Дежурный по академии охотно провел меня по классам, аудиториям. Вот и лекционный зал, откуда в июле 1941 года мы были вызваны по тревоге в отдел кадров. Больше я не возвращался сюда. Старенький автобус отвез тогда меня в ржевские леса...
Ничего не изменилось и в канцелярии факультета. Секретарша Ольга, наш добрый гений, была все такой же приветливой.
Не изменился и начальник учебного отдела Фоминский, прозванный слушателями Наро-Фоминским.
Полковник Фоминский остался все таким же худым, а вот строгости у него явно поубавилось. Мы по-дружески обнялись, и я впервые увидел его улыбающимся.

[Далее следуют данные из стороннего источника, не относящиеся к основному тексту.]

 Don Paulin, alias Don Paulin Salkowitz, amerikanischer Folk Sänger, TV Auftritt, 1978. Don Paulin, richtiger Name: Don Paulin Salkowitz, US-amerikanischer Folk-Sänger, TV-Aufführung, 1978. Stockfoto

Дежурный напомнил, что нас ждут.
В кабинете начальника академии я увидел много незнакомых генералов и офицеров. Представился. Стал искать глазами своего начальника академии Веревкина-Рахальского. И не нашел. Не увидел и комиссара академии Батракова.

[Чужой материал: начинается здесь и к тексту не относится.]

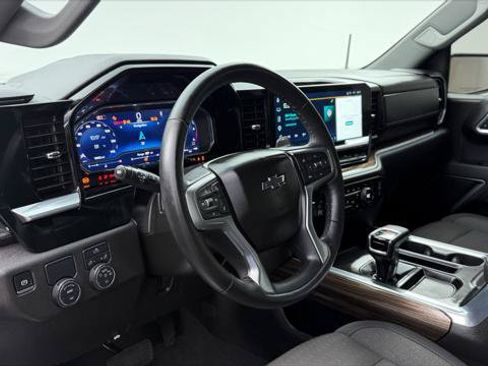Used 2025 Chevrolet Silverado 1500 RST RWD image 27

С удивительной четкостью вспомнилось, как в этом кабинете генерал Веревкин-Рахальский напутствовал нас, провожая на фронт:
- Желаю вам хорошо воевать... А насчет дипломов не беспокойтесь. Дипломы получите после войны.

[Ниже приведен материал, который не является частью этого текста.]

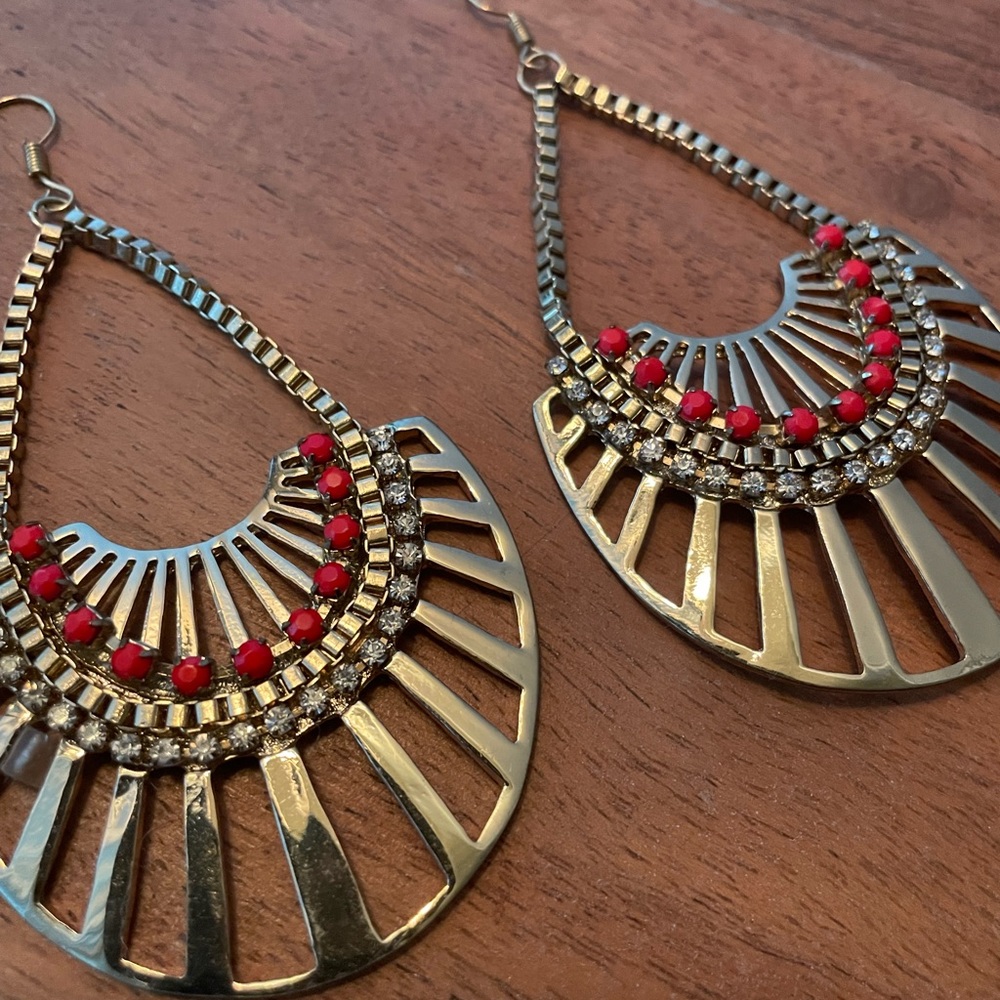 3/$15 🌟 Earrings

Кто из нас думал тогда о дипломах! Кто надеялся, что мы вновь окажемся в стенах родной академии!
Мысли мои прервал голос генерал-полковника Н. Е. Чибисова, нового начальника академии:
- Товарищ полковник! Нам известно, что вы в связи с войной не успели защитить перед государственной комиссией свою дипломную работу. Учитывая ваши успехи в боях, командование академии решило вручить вам диплом об окончании академии без защиты.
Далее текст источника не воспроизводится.